Work item:
Starting with the line that contains "Fluorite (Purple) Cut Beads" and stopping after the line that contains "Bouchées avec garniture", copy the entries below exactly. Include nothing else.

#### Source data ####

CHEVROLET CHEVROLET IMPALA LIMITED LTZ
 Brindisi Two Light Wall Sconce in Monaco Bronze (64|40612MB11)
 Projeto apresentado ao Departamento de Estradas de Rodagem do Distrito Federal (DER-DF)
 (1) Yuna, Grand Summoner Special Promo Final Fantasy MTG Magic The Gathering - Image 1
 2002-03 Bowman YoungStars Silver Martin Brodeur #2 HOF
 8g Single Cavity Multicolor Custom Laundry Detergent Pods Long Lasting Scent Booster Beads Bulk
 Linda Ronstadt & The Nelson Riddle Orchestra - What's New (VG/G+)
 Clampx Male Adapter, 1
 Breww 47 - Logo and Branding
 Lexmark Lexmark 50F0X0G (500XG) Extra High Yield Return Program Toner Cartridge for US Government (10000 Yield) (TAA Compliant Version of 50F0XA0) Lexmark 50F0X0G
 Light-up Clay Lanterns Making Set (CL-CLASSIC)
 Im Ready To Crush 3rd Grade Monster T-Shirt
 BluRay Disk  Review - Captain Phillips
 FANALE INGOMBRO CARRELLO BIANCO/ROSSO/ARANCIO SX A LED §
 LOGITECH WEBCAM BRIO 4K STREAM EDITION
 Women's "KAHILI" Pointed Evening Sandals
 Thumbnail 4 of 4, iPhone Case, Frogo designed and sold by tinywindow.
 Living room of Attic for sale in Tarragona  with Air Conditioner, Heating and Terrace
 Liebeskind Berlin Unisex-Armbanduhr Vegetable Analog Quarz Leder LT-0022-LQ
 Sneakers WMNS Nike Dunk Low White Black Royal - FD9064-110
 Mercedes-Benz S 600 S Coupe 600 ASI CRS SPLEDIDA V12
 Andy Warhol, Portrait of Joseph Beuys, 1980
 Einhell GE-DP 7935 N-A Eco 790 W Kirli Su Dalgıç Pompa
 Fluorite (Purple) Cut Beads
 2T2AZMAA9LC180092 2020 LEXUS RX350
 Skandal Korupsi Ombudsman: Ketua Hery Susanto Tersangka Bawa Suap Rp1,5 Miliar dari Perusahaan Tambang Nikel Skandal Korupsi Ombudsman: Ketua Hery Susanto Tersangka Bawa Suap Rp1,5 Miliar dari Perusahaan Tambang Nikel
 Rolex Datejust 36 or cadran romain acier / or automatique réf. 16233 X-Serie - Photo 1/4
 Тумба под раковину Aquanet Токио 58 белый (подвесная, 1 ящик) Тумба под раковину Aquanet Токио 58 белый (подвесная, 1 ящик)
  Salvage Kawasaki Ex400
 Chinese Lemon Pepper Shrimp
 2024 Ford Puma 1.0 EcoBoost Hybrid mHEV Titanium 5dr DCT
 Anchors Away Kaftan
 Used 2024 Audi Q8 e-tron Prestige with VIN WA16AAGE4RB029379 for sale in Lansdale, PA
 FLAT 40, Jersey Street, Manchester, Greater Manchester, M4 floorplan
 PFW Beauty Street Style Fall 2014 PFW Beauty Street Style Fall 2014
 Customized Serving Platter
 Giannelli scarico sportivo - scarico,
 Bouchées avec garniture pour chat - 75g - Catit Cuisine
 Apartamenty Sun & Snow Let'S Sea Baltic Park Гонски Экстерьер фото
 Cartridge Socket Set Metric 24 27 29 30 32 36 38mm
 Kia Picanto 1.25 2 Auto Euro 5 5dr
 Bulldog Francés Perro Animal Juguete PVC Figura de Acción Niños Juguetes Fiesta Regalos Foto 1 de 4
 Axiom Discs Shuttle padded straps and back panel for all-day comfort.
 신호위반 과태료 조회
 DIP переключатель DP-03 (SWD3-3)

####

Solution for this problem:
 Fluorite (Purple) Cut Beads
 2T2AZMAA9LC180092 2020 LEXUS RX350
 Skandal Korupsi Ombudsman: Ketua Hery Susanto Tersangka Bawa Suap Rp1,5 Miliar dari Perusahaan Tambang Nikel Skandal Korupsi Ombudsman: Ketua Hery Susanto Tersangka Bawa Suap Rp1,5 Miliar dari Perusahaan Tambang Nikel
 Rolex Datejust 36 or cadran romain acier / or automatique réf. 16233 X-Serie - Photo 1/4
 Тумба под раковину Aquanet Токио 58 белый (подвесная, 1 ящик) Тумба под раковину Aquanet Токио 58 белый (подвесная, 1 ящик)
  Salvage Kawasaki Ex400
 Chinese Lemon Pepper Shrimp
 2024 Ford Puma 1.0 EcoBoost Hybrid mHEV Titanium 5dr DCT
 Anchors Away Kaftan
 Used 2024 Audi Q8 e-tron Prestige with VIN WA16AAGE4RB029379 for sale in Lansdale, PA
 FLAT 40, Jersey Street, Manchester, Greater Manchester, M4 floorplan
 PFW Beauty Street Style Fall 2014 PFW Beauty Street Style Fall 2014
 Customized Serving Platter
 Giannelli scarico sportivo - scarico,
 Bouchées avec garniture pour chat - 75g - Catit Cuisine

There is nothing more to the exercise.